What chapter are you at frens? What do you find difficult?

>> No.18944855

Latin 101 starts next week for me. Should I ignore all the coursework and do this book?

>> No.18945009

>>18944855
You should do both in parallel

>> No.18945129

The first chapter and I am already having a blast learning with this method. I like it way more than regular textbooks where you stomp grammar. I hope it stays this way throughout the entire book.

>> No.18945198

Anyone used Assimil le latin?

>> No.18945229

>>18944831
I've finished the first book. Starting Roma Aeterna this week.

>> No.18945255
File: 79 KB, 688x470, Latin Study Plan.png [View same] [iqdb] [saucenao] [google]
18945255

I finished it a few weeks ago. It gets quite hard towards the end. I especially couldn't wrap my head around gerunds and gerundives for whatever reason, so I had to use latintutorial's youtube videos for explanations. I found the poetry at the end very hard too.

I'm currently re-reading it and then I plan to re-read it a few more times along with doing the pensa again.
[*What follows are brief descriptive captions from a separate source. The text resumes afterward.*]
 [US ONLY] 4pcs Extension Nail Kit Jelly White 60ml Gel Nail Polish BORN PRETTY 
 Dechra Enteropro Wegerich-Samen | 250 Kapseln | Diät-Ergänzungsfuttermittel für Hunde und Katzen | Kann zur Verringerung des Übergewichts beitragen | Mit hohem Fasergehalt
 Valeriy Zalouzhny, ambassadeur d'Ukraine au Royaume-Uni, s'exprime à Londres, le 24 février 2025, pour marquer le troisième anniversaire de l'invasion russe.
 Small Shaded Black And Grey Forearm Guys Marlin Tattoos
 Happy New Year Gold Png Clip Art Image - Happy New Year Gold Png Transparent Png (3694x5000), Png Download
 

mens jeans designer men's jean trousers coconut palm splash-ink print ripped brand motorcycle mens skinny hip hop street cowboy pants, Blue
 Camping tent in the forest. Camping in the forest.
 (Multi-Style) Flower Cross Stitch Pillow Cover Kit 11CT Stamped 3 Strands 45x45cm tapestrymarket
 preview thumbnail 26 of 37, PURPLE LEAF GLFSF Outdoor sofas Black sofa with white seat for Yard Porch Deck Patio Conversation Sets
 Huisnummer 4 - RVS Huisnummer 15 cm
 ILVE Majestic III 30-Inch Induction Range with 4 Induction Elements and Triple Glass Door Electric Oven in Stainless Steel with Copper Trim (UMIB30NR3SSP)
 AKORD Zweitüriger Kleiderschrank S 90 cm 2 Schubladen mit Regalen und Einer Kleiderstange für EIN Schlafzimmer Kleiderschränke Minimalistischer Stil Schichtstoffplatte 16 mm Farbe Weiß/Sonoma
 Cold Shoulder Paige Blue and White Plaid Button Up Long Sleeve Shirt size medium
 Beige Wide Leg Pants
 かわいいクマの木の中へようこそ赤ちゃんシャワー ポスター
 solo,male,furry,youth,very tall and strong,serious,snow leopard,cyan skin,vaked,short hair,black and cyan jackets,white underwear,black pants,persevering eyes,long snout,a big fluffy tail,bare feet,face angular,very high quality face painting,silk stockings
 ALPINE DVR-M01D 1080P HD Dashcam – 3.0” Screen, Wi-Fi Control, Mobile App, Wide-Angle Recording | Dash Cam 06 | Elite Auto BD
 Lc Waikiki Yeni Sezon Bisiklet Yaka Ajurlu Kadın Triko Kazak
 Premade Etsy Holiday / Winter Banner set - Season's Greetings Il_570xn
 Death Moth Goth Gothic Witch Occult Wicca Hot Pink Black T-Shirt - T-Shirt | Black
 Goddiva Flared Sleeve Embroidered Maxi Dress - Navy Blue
I've also finished Colloquia Personarum and Fabellae Latinae. Pic related is the study plan I'm following (you can find everything on libgen).

>> No.18945267

>>18945255
I, too, had a tough time with the poetry, and honestly with the supplements between Familia Romana and Roma Aeterna.

My suggestion is not to get too bogged down in re-reading everything. Maybe re-read once and then press ahead.

>> No.18945314

>>18945229
How's your Latin? Can you read normal texts? How long did it take you?

>> No.18945702

>>18945129
>I like it way more than regular textbooks where you stomp grammar
Only retarded academics have ever used this method.

>> No.18945806

>>18945314
Not him but also going through Roma Aeterna.
>How's your Latin?
Bad. I only focus on reading. Absolutely no interest in writing.
>Can you read normal texts?
I'm fine with Pars II of LL, have to often check vocabulary though.
Anything in verse is still very hard because they completely break up sentences. Identifying the roles of words by declension is easy if they are somewhat in order but when poets start putting a pronoun, an adjective and a substantive of the same nominal group in non contiguous positions in a multiple verse sentence, it quickly reads like gibberish. I love many aspects of Latin but word ordering is just superior. Modern language got that right.
I also bought the Nova Vulgata and tried a few passages. Obviously there is new vocabulary but the structure is easy to understand. The Vulgate isn't intended as a difficult text, and having read the bible in other languages already makes it easier.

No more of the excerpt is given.